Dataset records

————————

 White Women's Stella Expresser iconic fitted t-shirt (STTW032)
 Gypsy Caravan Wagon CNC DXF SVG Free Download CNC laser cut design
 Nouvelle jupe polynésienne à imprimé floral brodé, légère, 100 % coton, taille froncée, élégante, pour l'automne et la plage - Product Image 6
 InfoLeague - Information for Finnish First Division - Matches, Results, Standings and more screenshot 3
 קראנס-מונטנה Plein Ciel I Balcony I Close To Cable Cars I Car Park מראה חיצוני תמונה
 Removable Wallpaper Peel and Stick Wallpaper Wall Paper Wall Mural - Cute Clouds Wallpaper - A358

————————

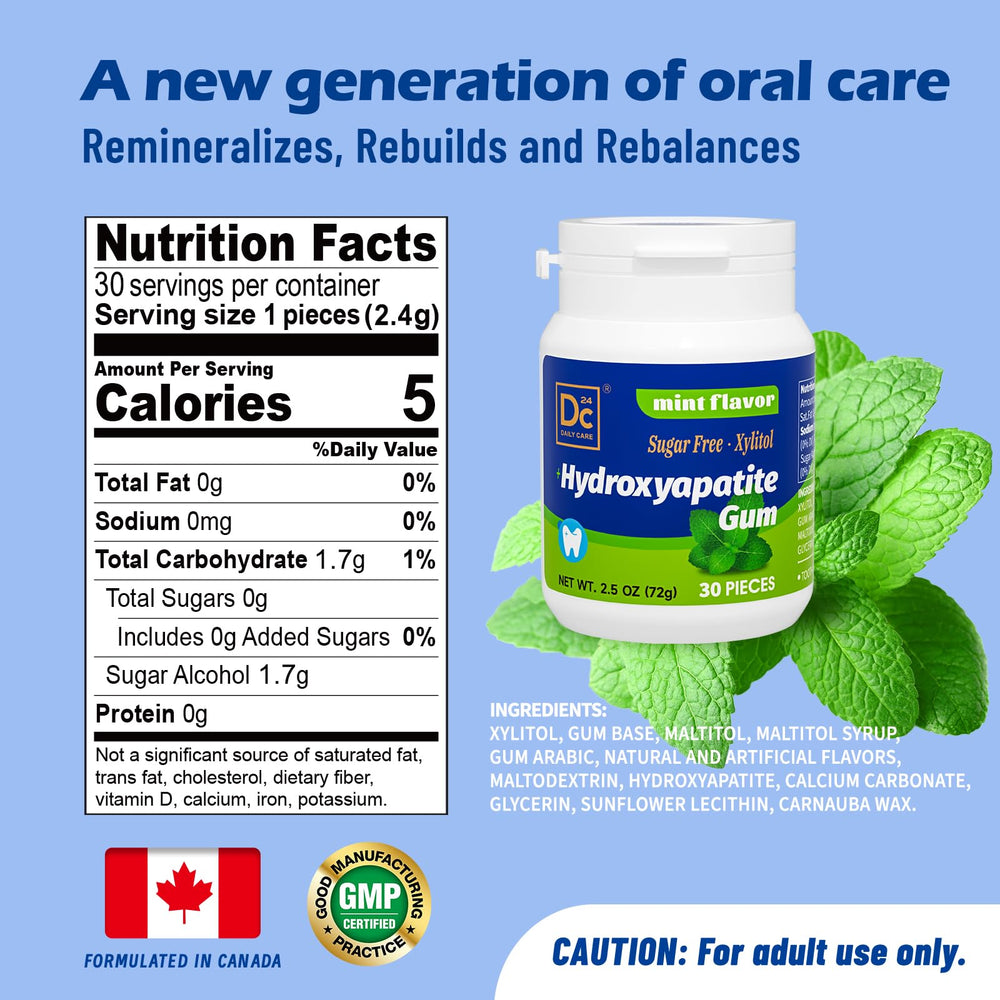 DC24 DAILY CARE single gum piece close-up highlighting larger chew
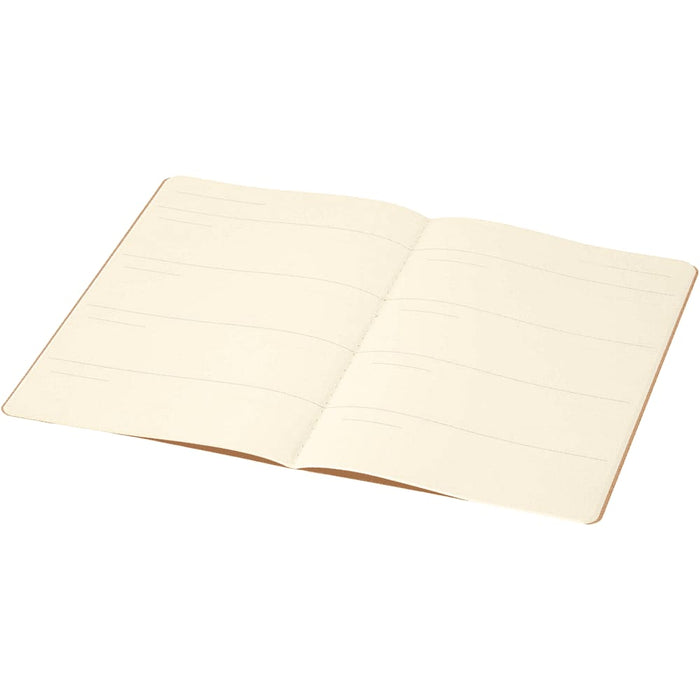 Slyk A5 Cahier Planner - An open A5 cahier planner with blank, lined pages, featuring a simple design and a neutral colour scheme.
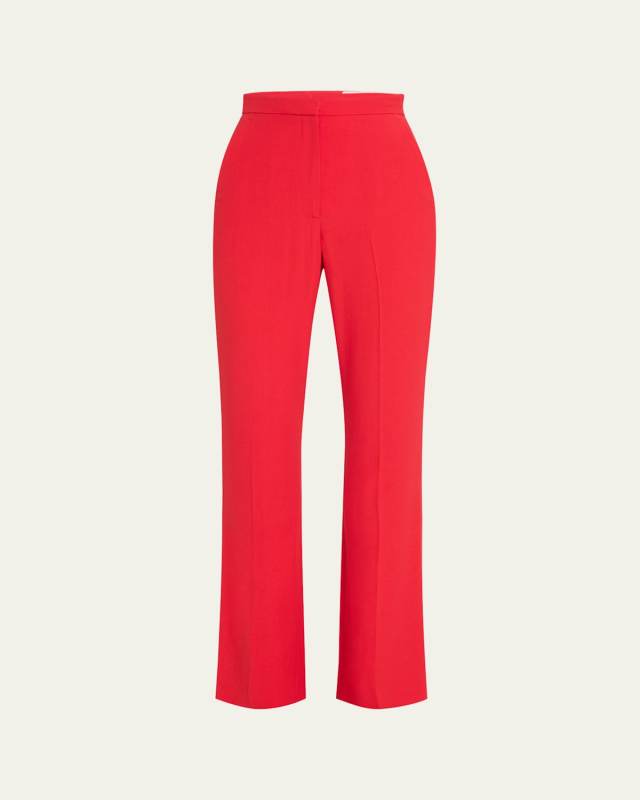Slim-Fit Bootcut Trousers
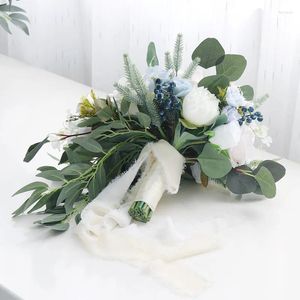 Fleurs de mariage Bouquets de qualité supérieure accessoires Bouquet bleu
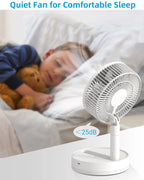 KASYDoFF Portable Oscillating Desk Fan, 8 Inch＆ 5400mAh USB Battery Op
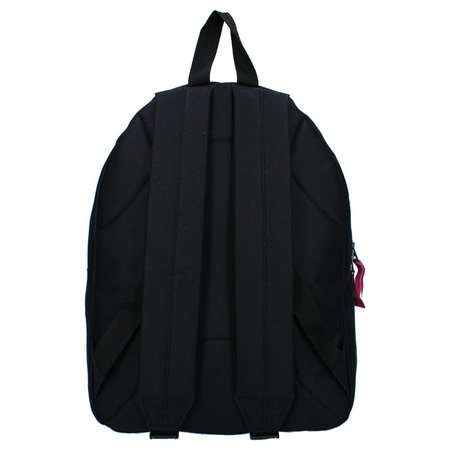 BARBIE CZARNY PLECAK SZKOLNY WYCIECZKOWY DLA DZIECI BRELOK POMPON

————————

### Your goal
In the entries above, find the line with "White Women's Stella" and the line with "Removable Wallpaper Peel", then set down exactly those two and every line between them, nothing else.

### Expected output
 White Women's Stella Expresser iconic fitted t-shirt (STTW032)
 Gypsy Caravan Wagon CNC DXF SVG Free Download CNC laser cut design
 Nouvelle jupe polynésienne à imprimé floral brodé, légère, 100 % coton, taille froncée, élégante, pour l'automne et la plage - Product Image 6
 InfoLeague - Information for Finnish First Division - Matches, Results, Standings and more screenshot 3
 קראנס-מונטנה Plein Ciel I Balcony I Close To Cable Cars I Car Park מראה חיצוני תמונה
 Removable Wallpaper Peel and Stick Wallpaper Wall Paper Wall Mural - Cute Clouds Wallpaper - A358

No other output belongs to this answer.